W czasie drugiej wojny światowej w nieistniejącej już kamiennej wieży działała stacja meteorologiczna Wehrmachtu, zaś w jej pobliżu wzniesiono budynek o nazwie Poštovní chata. Po wojnie w jego wnętrzach funkcjonowała restauracja, stacja meteorologiczna oraz siedziba Pogotowia Górskiego. w tej chwili najbliższe Pogotowie Górskie znajduje się na stoku góry Petrovy kameny, gdyż na samym Pradziadzie jego placówka została zlikwidowana. W 1946 zamknięto wieżę dla turystów. Działała jeszcze w latach 1951-1957, jednak niekończący się problem ze szczelinami w murach spowodował jej ponowne zamknięcie przez nadzór budowlany. Budowla uległa zawaleniu 2 maja 1959 roku.

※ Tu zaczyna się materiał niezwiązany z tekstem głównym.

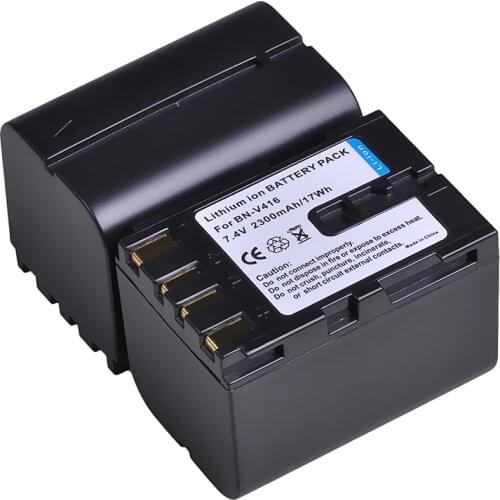 2Pcs 2300mAh 7.4V BN-V416 BN-V416U Camcorder Battery for BN-V408 BN-V408U BN-V408US BN-V428 BN-V428U BN-V428US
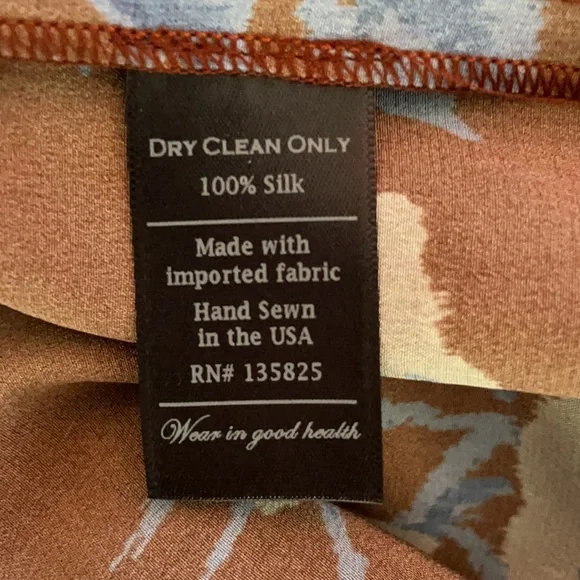 No.6 New York Silk Bohemian Floral Dress - Picture 7 of 7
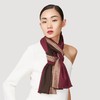 （永久下架）万事利千鸟格语 真丝绒围巾 商品缩略图1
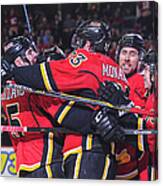 Edmonton Oilers V Calgary Flames #1 Canvas Print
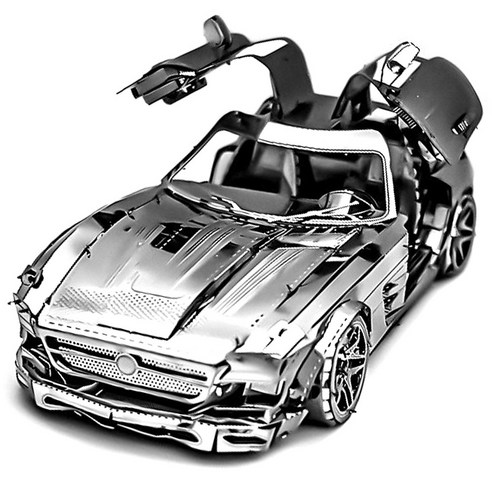 [알꿀밤-메탈퍼즐-자동차] 걸윙도어 SLS AMG, 1개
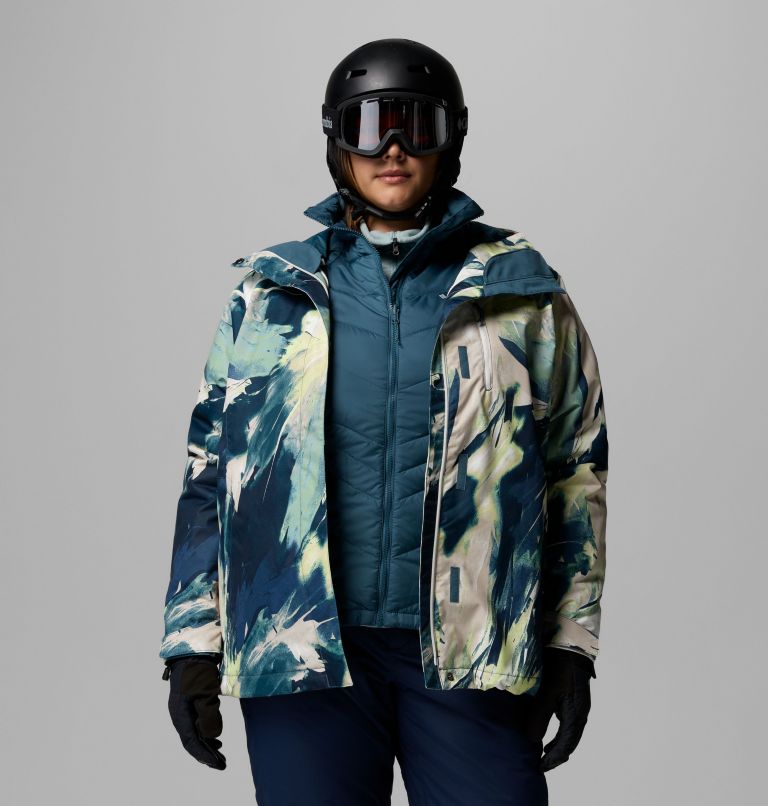 Women's Whirlibird V Printed Interchange Jacket - Plus Size, Color: Everblue Snowflight, image 6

Pokojowy protest i niema przestroga
W latach 2000-2004 trwała budowa wiernej kopii wieży, która stanęła na szczycie góry Wetzstein w Lesie Turyńskim w Niemczech. Inicjatorem było Towarzystwo Altvater (Altvaterturmverein Langgöns), a budowa kopii była wyrazem pokojowego protestu przeciwko wypędzeniom, które przeżyli niemieccy autochtoni zamieszkujący przed drugą wojną światową obszar, między innymi, Pradziada.
Pradziad wita wszystkich Gości
Gawęda o naszym śląskim Pradziadzie mogłaby jeszcze trwać i trwać. Bogactwo przyrodnicze i historyczne zdaje się nie mieć końca. Znaczenie tego regionu dla Ślązaków – i nie tylko! – z obu stron granicy podkreśla chociażby fakt utworzenia Euroregionu Pradziad, mającego promować współpracę transgraniczną. Smakosze mocniejszych trunków mogą z kolei poczuć smak Pradziada, delektując się likierem ziołowym Altvater. Ten szczyt trzeba po prostu zdobyć i poczuć samodzielnie!